Activity: Every entry is to be set down a second time, precisely as written.

====== Task material

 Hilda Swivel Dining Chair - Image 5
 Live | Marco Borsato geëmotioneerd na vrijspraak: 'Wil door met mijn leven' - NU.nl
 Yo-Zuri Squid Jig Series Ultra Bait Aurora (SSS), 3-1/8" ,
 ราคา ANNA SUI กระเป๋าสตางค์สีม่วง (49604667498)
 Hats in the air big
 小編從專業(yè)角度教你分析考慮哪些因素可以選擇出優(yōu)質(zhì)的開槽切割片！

============

Response below:
 Hilda Swivel Dining Chair - Image 5
 Live | Marco Borsato geëmotioneerd na vrijspraak: 'Wil door met mijn leven' - NU.nl
 Yo-Zuri Squid Jig Series Ultra Bait Aurora (SSS), 3-1/8" ,
 ราคา ANNA SUI กระเป๋าสตางค์สีม่วง (49604667498)
 Hats in the air big
 小編從專業(yè)角度教你分析考慮哪些因素可以選擇出優(yōu)質(zhì)的開槽切割片！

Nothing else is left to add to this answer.